Deacon Steven M. Johnson – St. James, Belvidere, IL
Homily for the 4th Week of Easter, Thursday, 4-29-21, Year B
Memorial of Catherine of Siena, Virgin and Doctor


St Catherine was born in 1347 in the Siena region near Tuscany, Italy.
She was a Dominican tertiary and mystic who lived in Italy in the 1300s.
She was known for her holiness, asceticism, and spiritual visions and was said to have received stigmata.
She was also a reformer and political activist and was influential in religious and political affairs of the Church.
She was a defender of the Roman Pontiff and was influential in working to reunite the Church during the great schism of 1378.
St. Catherine died in 1380 and is buried at St. Maria Sopra Minerva Basilica in Rome, Italy.
She was canonized in 1461 and declared a Doctor of the Church in 1970.
She is a patron saint of Europe.

READINGS: 1st Acts 13:13-25, Gospel Jn 13:16-20
Theme: Humility and Service

St. Catherine knew the truth about God and His singularity as the one and only creator of the universe. She also knew the humility of which God expressed Himself in His Son Jesus who died on the cross for us. It was obvious to her.

But it was not obvious to many in Jesus’s time. The God of the Hebrew people, who eventually became the Jewish people, is one and the same God that the newly formed Christian people believe in. In the first reading today, Paul is trying to get this point across to the people in the synagogue.

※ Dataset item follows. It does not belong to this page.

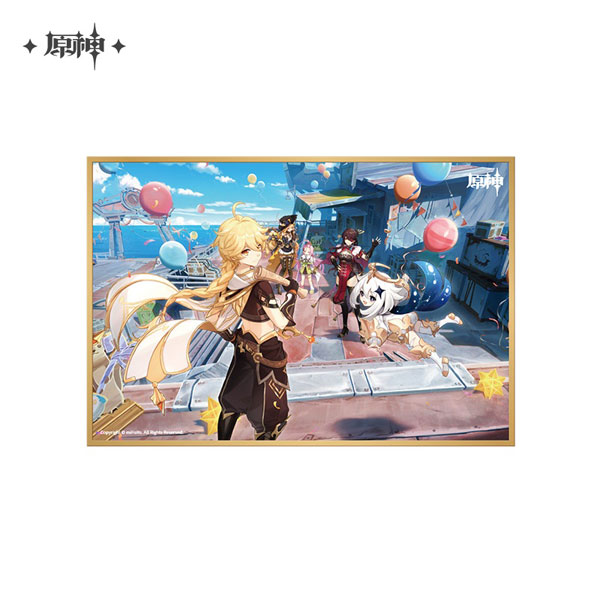 miHoYo Genshin Impact Chara Shikishi Up! Toward Homecoming Wings hình ảnh 1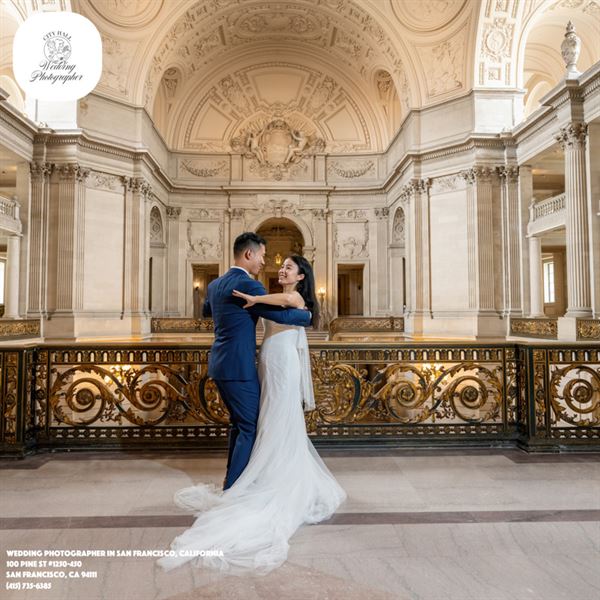 San Francisco City Hall Wedding Photography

The problem is that they just cannot see God for who He really is, and they overlooked Him when He finally came. So, the Jewish people continue to wait for the Messiah because of their preconceived notions of how He should look, where He should come from and the show of power and might that He will demonstrate upon His coming.

But God is not about flashy shock and awe but of meekness and humility. The Jewish officials and religious leaders had become hardened with pride, rules, prestige, and honor, and they lost the true meaning of who God really is. Their prophets knew it, but the Jewish leaders did not pay any attention, and because of their stubbornness they missed the great Messiah they had been waiting for.

Jesus continues this theme of humility and service in today’s Gospel. He explains that no servant is greater than their master, and yet a true master should serve his servant thus exhibiting the great virtue of a master, which is humility. And for Jesus, the true Master, suffering and dying on the cross is the ultimate show of humility for us as His servants.

We can be a little like the Jewish Leaders of Jesus’s time, too. We can formulate our thoughts of who God should be based on our experiences. We can be persuaded by our world and convinced into forming a rigid version of our faith, one that loses sight of the real Messiah. We should never think ourselves greater than our master, and we should never take for granted we know who our master is because it is not us.

We should try to see everything with a servant’s eye. By doing this maybe we will receive the one Jesus sends to us and thus receive Jesus Himself and the One who sent Him.